O analfabetismo não é o único indicador

Por Pedro Fontes Falcão, gestor e professor de Negociação e de Corporate Governance

Há quem fale com orgulho que Portugal tem uma taxa de analfabetismo muito baixa. Mas isso não é suficiente para que tenhamos uma população qualificada. Acima do alfabetismo, vem a questão da literacia. Esta é ampla e pode cobrir aspetos como entender uma tabela de horários de um comboio (ida e volta).

Numa parte específica da literacia, um estudo sobre a percentagem de adultos que têm literacia financeira, realizado pelo “Global Financial Literacy Excellence Center, mostra que os portugueses são dos piores da Europa. Atrás de nós só estão a Albânia, Macedónia, Kosovo e Roménia. Face aos 26% de adultos portugueses que têm literacia financeira, Espanha tem 49%, praticamente o dobro. Portugal está abaixo da média mundial de cerca de 33%. Contudo, há um questionário da OECD/INFE, realizado em 2020 para um grupo de países que incluía Portugal, que já dá uma avaliação média a Portugal. Estranha divergência de resultados…

Começo com um enquadramento que em 2018, em Portugal havia uma falta de capacidade de fazer face a despesas inesperadas em que mais de um terço (34,7%) da população portuguesa não conseguia responder financeiramente a uma emergência (fonte Pordata).

No caso dos EUA, a FINRA reportou que a literacia financeira tem diminuído nos EUA, especialmente agravado no caso dos millennials. No caso específico dos EUA, é um aspeto grave pois muitos estudantes (na grande maioria, os mais carenciados e provavelmente com menor literacia financeira) pedem empréstimos para fazer as suas licenciaturas ou mestrados, e acabam por ficar endividados por muitos anos, com dívidas crescentes que lhe prejudicam seriamente a vida em termos financeiros (e muitas vezes, também profissional, social e familiarmente). Em Portugal, o volume de empréstimos para estudantes é muito menor e provavelmente com melhores condições, pelo que ainda não é um problema. Para além dos EUA, na média dos países desenvolvidos, o grupo dos 15 aos 35 anos tem menor literacia do que o grupo dos 36 aos 50 anos.

Mas Portugal tem uma boa notícia neste aspeto.
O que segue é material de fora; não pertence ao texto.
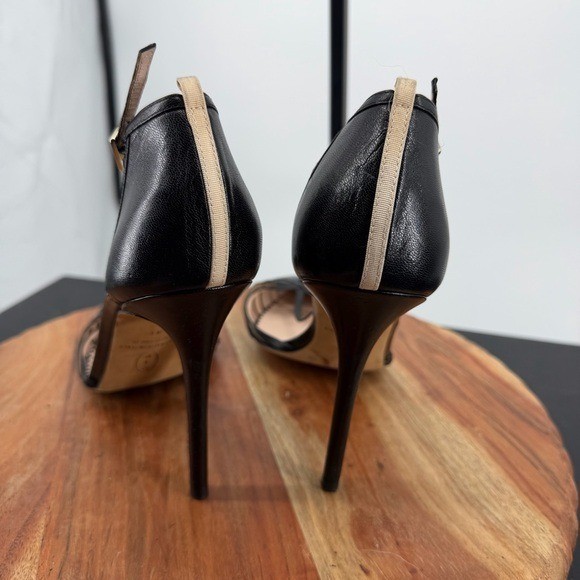 SJP Sarah Jessica Parker Carrie T strap heels black leather sz 41 US 11 4” 100mm
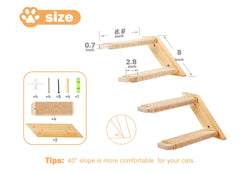 PEL UMOZ cat stair 4-step setup supports climbing, resting, and exercise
Desde há vários anos que os resultados de matemática do PISA – Programme for International Student Assessment dos alunos portugueses é muito superior ao que se esperaria de uma população com tão baixa literacia financeira, o que indicia que os jovens terão maior literacia financeira ao se tornarem adultos e façam subir a média geral da população adulta, que é muito baixa.
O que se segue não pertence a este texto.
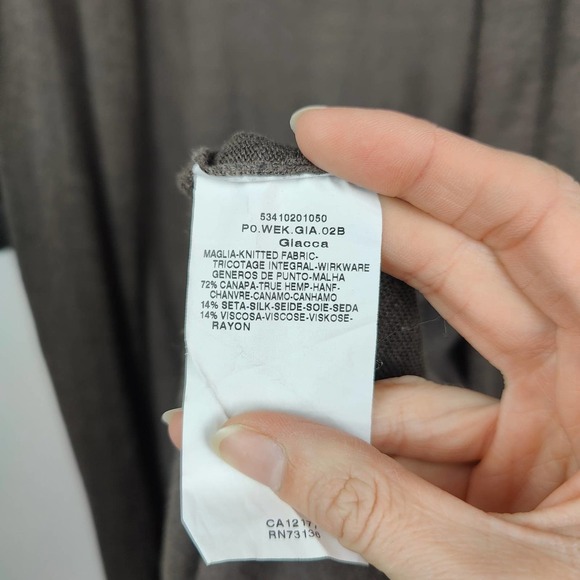 Weekend Max Mara Size Large Brown Silk Hemp Open Cardigan Three Quarter Sleeve - Picture 5 of 6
Um aspeto que não tenho dados para Portugal é sobre a divisão por sexo. Na maioria dos países, as mulheres têm pior resultado que os homens. Era importante saber o que acontece em Portugal para se poder afinar melhor as políticas a desenvolver nesta área.

Ora havendo tantas pequenas e microempresas em Portugal, a capacidade de gerir essas empresas é diminuta se não houver uma boa literacia financeira, desde a avaliação da viabilidade dos negócios, a projeção de cash-flows, a gestão da tesouraria, a análise de crédito, entre outros. Também como colaboradores de empresas, a falta de qualificação a este nível prejudica a atração de investimento em setores qualificados, uma peça chave para o desenvolvimento económico.

A qualificação da mão de obra é essencial e as políticas públicas deveriam ter em conta melhorar rapidamente o nível de literacia financeira dos portugueses.